障害だらけに見える自分の人生を憂いているのは確かだけど、彼女も爽子と同じように厳しい現実を受け入れているんですよね。厳しいからこそ、厚い壁を乗り越えようと思える意志があるわけで、徐々に自分に自信を付け始めている。
それはくるみちゃんであれば、想いを伝えられなかった風早に告白したこと。爽子であれば、風早との進展や周りの変化。彼女たちの風早至上主義は変わらないけど、変わっていく心がある。未来が閉ざされたわけではない希望がまだまだ一杯ある。
で、そんなくるみちゃんの一言が重い。「下心」って、いわば想い人に対する「想い」ですよね。
暗にくるみちゃんは爽子に、あなたには私と同じ「想い」があるけど、その「想い」は私と違って渡せないでしょう?って言っているんですよね。くるみちゃん鬼畜。いや、これは爽子の受け取り方ではライバルからのエールと見るべきでしょう。
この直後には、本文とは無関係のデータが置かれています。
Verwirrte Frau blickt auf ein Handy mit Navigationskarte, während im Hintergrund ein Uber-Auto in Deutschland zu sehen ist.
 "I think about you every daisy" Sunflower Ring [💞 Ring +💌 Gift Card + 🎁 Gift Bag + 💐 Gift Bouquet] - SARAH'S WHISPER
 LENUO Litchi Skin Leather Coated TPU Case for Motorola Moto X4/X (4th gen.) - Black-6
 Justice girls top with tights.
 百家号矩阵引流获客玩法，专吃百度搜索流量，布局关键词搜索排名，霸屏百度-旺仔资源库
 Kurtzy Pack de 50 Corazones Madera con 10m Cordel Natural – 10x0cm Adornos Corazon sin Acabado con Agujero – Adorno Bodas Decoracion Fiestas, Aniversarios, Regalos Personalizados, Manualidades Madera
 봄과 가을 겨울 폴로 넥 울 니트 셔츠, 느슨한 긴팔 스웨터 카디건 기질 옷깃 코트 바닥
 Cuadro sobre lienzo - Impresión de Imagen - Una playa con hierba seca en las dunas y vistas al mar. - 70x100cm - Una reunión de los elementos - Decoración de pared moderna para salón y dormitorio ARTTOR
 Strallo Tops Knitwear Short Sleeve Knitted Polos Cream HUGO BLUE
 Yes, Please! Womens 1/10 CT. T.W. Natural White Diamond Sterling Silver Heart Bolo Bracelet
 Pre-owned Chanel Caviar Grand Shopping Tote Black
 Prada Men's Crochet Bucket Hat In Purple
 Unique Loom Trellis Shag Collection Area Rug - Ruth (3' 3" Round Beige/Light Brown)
第一期でも遠まわしに「特別」って言葉を爽子の前で使っている。その風早にとっての「特別」になれるのは自分だけだと主張したかったくるみちゃん。まあ、それが間違って伝わったというか爽子流の感じ方の違いというか、自分も風早にとっての「特別」になりたい気持ちを打ち明けることになり、ここでもエールを送っている。だからこそ、前回は「下心」という言葉で直球で勝負してきた。
自分は爽子の通っていくであろう道を、既に二歩も三歩も先を歩いている。彼女の辛い経験も嬉しい経験も全て爽子に上回っていると感じたい。自分は不幸じゃない。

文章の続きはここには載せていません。